Segundo fontes do tribunal, a ex-presidente não cumprimentou Bonadio, tratando-o de "incompetente". Cristina o criticou por quase meia hora, e o juiz deixou a sala por entender que ela não responderia às suas perguntas, descreveu o jornal Clarín.
Kirchner afirmou que a acusação por causa de uma operação cambial do Banco Central durante seu mandato (2007-2015) revela "a intenção do governo, com a colaboração imprescindível do Poder Judiciário, de plantar uma causa penal que me prive da liberdade", escreveu em um documento que entregou ao juiz.
Esse primeiro grande comício de oposição ao governo de centro-direita de Macri foi transmitido quase em rede nacional pelas principais emissoras de televisão e seguido minuto a minuto pelos portais de notícias.
"Não tenho medo deles. Enfrentarei este processo e qualquer outro que queiram fabricar contra mim", postou Cristina em seu perfil no Facebook.
Além deste processo, a ex-presidente enfrenta o pedido de investigação de um procurador por suspeita de lavagem de dinheiro de um empresário amigo do casal.
A intimação judicial colocou Kirchner no centro da cena política, depois que ela se retirou pra a Patagônia (sul) desde 9 de dezembro, quando Macri assumiu a Casa Rosada.
MacristasKirchner é acusada de intervenção nas reservas do Banco Central com as "vendas de dólares a futuro", uma operação cambial realizada pelo órgão em setembro passado, auge da campanha eleitoral.
Em uma tentativa de desestimular uma desvalorização, o Banco Central fixou preços de dólar não muito altos, válidos para março de 2016
Ao assumir, Macri desvalorizou a moeda e, agora, o Banco Central tem de pagar 50% mais caro no mercado futuro.
Os demandantes são dois "macristas": o presidente do Senado, Federico Pinedo, e o da Câmara dos Deputados, Mario Negri.

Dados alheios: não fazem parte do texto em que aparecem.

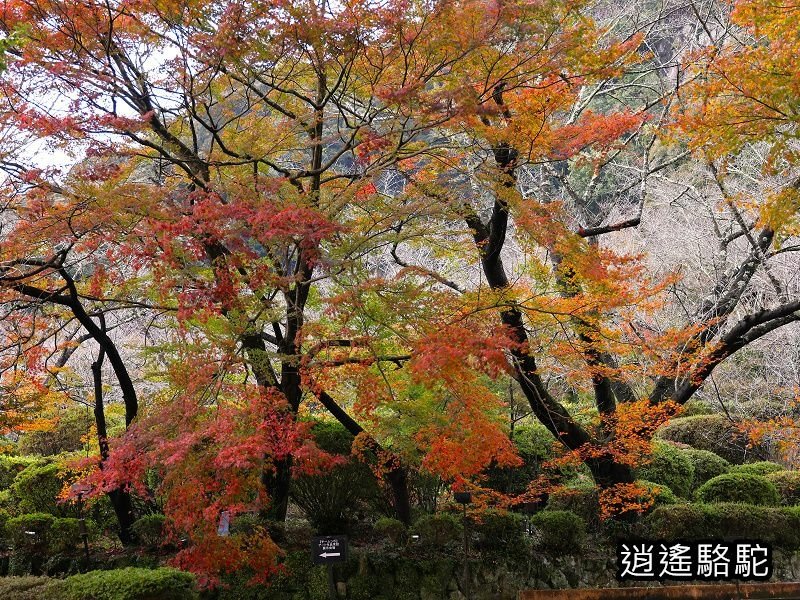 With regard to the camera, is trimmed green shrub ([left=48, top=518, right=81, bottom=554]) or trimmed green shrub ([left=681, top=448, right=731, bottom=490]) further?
trimmed green shrub ([left=681, top=448, right=731, bottom=490])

O juiz acusa Kirchner, agora sem foro privilegiado, o ex-presidente do BC argentino Alejandro Vanoli e o ex-ministro da Economia Axel Kicillof de suposta "defraudação contra a administração pública".
"É um caso de denúncia política armada, onde não há acusação", disse Kicillof, ao classificar como o processo como "absurdo" em uma nota apresentada a Bonadio na terça-feira.
Chuva de processos
Uma série de denúncias judiciais agita a Argentina. Além de acusações a ex-funcionários dos governos de Néstor Kirchner (2003-2007) e de sua mulher, Cristina Kirchner (2007-2015), o presidente Macri também parece estar encrencado, após a revelação de que pelo menos duas empresas "offshore" suas estão na investigação dos chamados "Panama Papers".
"Passaram procurando a rota do dinheiro K e encontraram a rota do dinheiro M", ironizou Cristina, arrancando aplausos da multidão com seu inflamado discurso.
As acusações contra os kirchneristas vão desde enriquecimento ilícito até lavagem de dinheiro com suspeitas cruzadas de parcialidade de procuradores e juízes.
Felipe Solá, deputado da Frente Renovadora e opositor de Kirchner e de Macri, criticou na terça-feira o que considerou como "a judicialização dos temas políticos".